WHAT YOU WILL DO
Your answer must be an exact copy of the listing below.

RECORDED DATA
------------------------------------------------

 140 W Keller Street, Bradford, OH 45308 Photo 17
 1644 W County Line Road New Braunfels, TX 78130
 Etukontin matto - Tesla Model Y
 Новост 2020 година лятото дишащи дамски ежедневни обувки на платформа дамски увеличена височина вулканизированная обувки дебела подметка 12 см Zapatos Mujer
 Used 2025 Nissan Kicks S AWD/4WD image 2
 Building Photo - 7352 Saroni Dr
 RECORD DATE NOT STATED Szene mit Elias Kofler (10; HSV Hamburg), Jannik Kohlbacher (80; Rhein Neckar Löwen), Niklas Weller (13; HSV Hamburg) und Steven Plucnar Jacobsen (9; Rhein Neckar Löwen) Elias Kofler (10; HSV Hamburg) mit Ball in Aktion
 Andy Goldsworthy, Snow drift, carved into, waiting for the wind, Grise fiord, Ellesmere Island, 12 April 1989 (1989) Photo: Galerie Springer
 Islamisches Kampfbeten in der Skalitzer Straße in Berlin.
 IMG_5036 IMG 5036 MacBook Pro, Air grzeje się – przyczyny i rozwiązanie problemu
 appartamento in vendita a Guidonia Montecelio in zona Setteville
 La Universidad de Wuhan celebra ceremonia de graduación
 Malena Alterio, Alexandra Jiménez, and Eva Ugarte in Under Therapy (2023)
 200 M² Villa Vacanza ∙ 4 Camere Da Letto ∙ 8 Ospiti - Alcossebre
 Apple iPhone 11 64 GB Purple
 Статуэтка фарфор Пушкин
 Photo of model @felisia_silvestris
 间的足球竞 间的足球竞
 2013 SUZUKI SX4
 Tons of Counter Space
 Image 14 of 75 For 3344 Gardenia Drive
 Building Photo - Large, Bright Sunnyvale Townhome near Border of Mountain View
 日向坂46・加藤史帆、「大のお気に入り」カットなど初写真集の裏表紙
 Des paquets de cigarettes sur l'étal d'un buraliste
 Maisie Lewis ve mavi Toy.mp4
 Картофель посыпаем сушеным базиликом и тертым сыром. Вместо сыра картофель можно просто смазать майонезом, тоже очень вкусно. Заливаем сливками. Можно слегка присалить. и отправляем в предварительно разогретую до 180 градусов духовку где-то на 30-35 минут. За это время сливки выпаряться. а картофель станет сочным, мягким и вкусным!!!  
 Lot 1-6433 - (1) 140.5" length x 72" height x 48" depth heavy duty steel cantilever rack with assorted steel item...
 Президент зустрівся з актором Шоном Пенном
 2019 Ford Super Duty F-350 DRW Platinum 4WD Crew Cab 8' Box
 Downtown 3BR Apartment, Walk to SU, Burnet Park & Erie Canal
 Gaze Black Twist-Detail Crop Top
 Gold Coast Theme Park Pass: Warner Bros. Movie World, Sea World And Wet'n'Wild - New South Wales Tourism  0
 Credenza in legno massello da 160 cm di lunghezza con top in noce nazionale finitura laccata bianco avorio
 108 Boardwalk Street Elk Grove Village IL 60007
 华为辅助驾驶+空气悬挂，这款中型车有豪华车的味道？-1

------------------------------------------------

FINAL ANSWER
 140 W Keller Street, Bradford, OH 45308 Photo 17
 1644 W County Line Road New Braunfels, TX 78130
 Etukontin matto - Tesla Model Y
 Новост 2020 година лятото дишащи дамски ежедневни обувки на платформа дамски увеличена височина вулканизированная обувки дебела подметка 12 см Zapatos Mujer
 Used 2025 Nissan Kicks S AWD/4WD image 2
 Building Photo - 7352 Saroni Dr
 RECORD DATE NOT STATED Szene mit Elias Kofler (10; HSV Hamburg), Jannik Kohlbacher (80; Rhein Neckar Löwen), Niklas Weller (13; HSV Hamburg) und Steven Plucnar Jacobsen (9; Rhein Neckar Löwen) Elias Kofler (10; HSV Hamburg) mit Ball in Aktion
 Andy Goldsworthy, Snow drift, carved into, waiting for the wind, Grise fiord, Ellesmere Island, 12 April 1989 (1989) Photo: Galerie Springer
 Islamisches Kampfbeten in der Skalitzer Straße in Berlin.
 IMG_5036 IMG 5036 MacBook Pro, Air grzeje się – przyczyny i rozwiązanie problemu
 appartamento in vendita a Guidonia Montecelio in zona Setteville
 La Universidad de Wuhan celebra ceremonia de graduación
 Malena Alterio, Alexandra Jiménez, and Eva Ugarte in Under Therapy (2023)
 200 M² Villa Vacanza ∙ 4 Camere Da Letto ∙ 8 Ospiti - Alcossebre
 Apple iPhone 11 64 GB Purple
 Статуэтка фарфор Пушкин
 Photo of model @felisia_silvestris
 间的足球竞 间的足球竞
 2013 SUZUKI SX4
 Tons of Counter Space
 Image 14 of 75 For 3344 Gardenia Drive
 Building Photo - Large, Bright Sunnyvale Townhome near Border of Mountain View
 日向坂46・加藤史帆、「大のお気に入り」カットなど初写真集の裏表紙
 Des paquets de cigarettes sur l'étal d'un buraliste
 Maisie Lewis ve mavi Toy.mp4
 Картофель посыпаем сушеным базиликом и тертым сыром. Вместо сыра картофель можно просто смазать майонезом, тоже очень вкусно. Заливаем сливками. Можно слегка присалить. и отправляем в предварительно разогретую до 180 градусов духовку где-то на 30-35 минут. За это время сливки выпаряться. а картофель станет сочным, мягким и вкусным!!!  
 Lot 1-6433 - (1) 140.5" length x 72" height x 48" depth heavy duty steel cantilever rack with assorted steel item...
 Президент зустрівся з актором Шоном Пенном
 2019 Ford Super Duty F-350 DRW Platinum 4WD Crew Cab 8' Box
 Downtown 3BR Apartment, Walk to SU, Burnet Park & Erie Canal
 Gaze Black Twist-Detail Crop Top
 Gold Coast Theme Park Pass: Warner Bros. Movie World, Sea World And Wet'n'Wild - New South Wales Tourism  0
 Credenza in legno massello da 160 cm di lunghezza con top in noce nazionale finitura laccata bianco avorio
 108 Boardwalk Street Elk Grove Village IL 60007
 华为辅助驾驶+空气悬挂，这款中型车有豪华车的味道？-1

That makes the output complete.